3. The Coyote now places dynamite in a tunnel under the road, but as he goes deeper into the tunnel, the detonator handle pushes down further, and eventually the dynamite explodes on the Coyote.

4. Now, the Coyote uses an Acme Christmas Packaging Machine. He puts it in a pit with a sign that says "DETOUR". The Coyote snickers gleefully, but then the Road Runner, as expected, pops up behind the Coyote and beeps. The startled Coyote leaps in the air and into the Christmas Packaging Machine. The result is a neatly packaged Wile E. Coyote. Humiliated, the boxed Coyote tiptoes off the screen.

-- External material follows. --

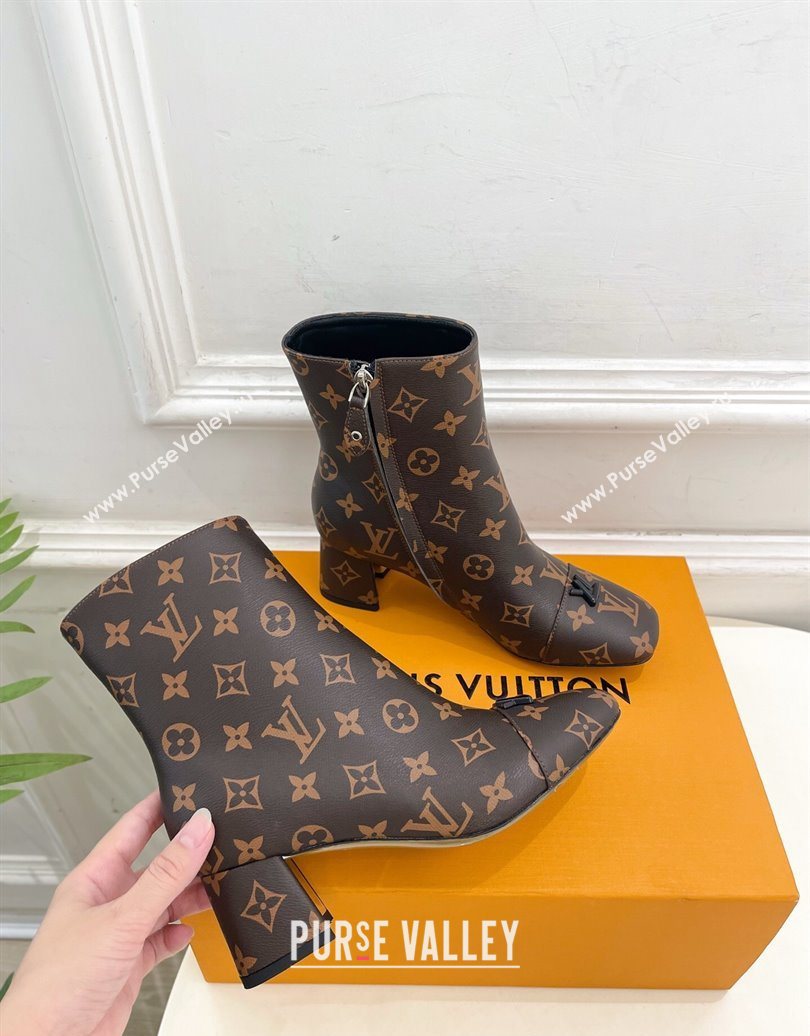 Louis Vuitton Swing Heel Ankle Boots 5.5cm in Monogram Canvas 2025 1AID092 (MD-251021134)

5. This time, the Coyote uses dynamite on a fishing line. When he hears the Road Runner, he jerks back the rod and prepares to cast the line. He jerks a bit too hard, however; the dynamite gets stuck in a cactus, and eventually, the Coyote gets wound around the cactus with the line when he tries to yank it free. He then sees that the dynamite is about to go off, and tries to blow out the fuse, but instead makes it burn down faster, and it then explodes.

6. Finally, the Coyote scatters some Acme Earthquake Pills on the road, hoping that the Road Runner can mistake them for birdseed. The Road Runner obligingly eats them, but they have no effect as he zooms away. In disgust, the Coyote swallows an earthquake pill himself, and then even more disgustedly swallows all of the remaining pills. After jumping up and down several times in an attempt to trigger an earthquake, he contemptuously chucks the empty bottle over his shoulder, but immediately leaps after the bottle with bulging eyes to catch it before it shatters in the middle of the road. Wile E. is just in time to read the fine print at the bottom of the bottle's label: "Caution: Not effective on Road Runners". As soon as he sees this, he gulps nervously, now knowing what he faces. As he gingerly takes his first step to get out of the middle of the road, the product takes effect on him, causing him to shake, rattle and jerk helplessly across the landscape, getting flattened by a huge boulder and almost falling off a narrow rocky arch in the process. When the product finally wears off, the Coyote feels so relieved that he steps out without looking where he's going, and walks over a cliff's edge, falling to the ground. Just then the Road Runner sees the Coyote hit the ground and looks at the audience and then beeps once more and takes off, with the trail of smoke left behind him, forming the words "The End".

==Home media==
This short is available on the Looney Tunes Collector's Choice: Volume 4 Blu-ray.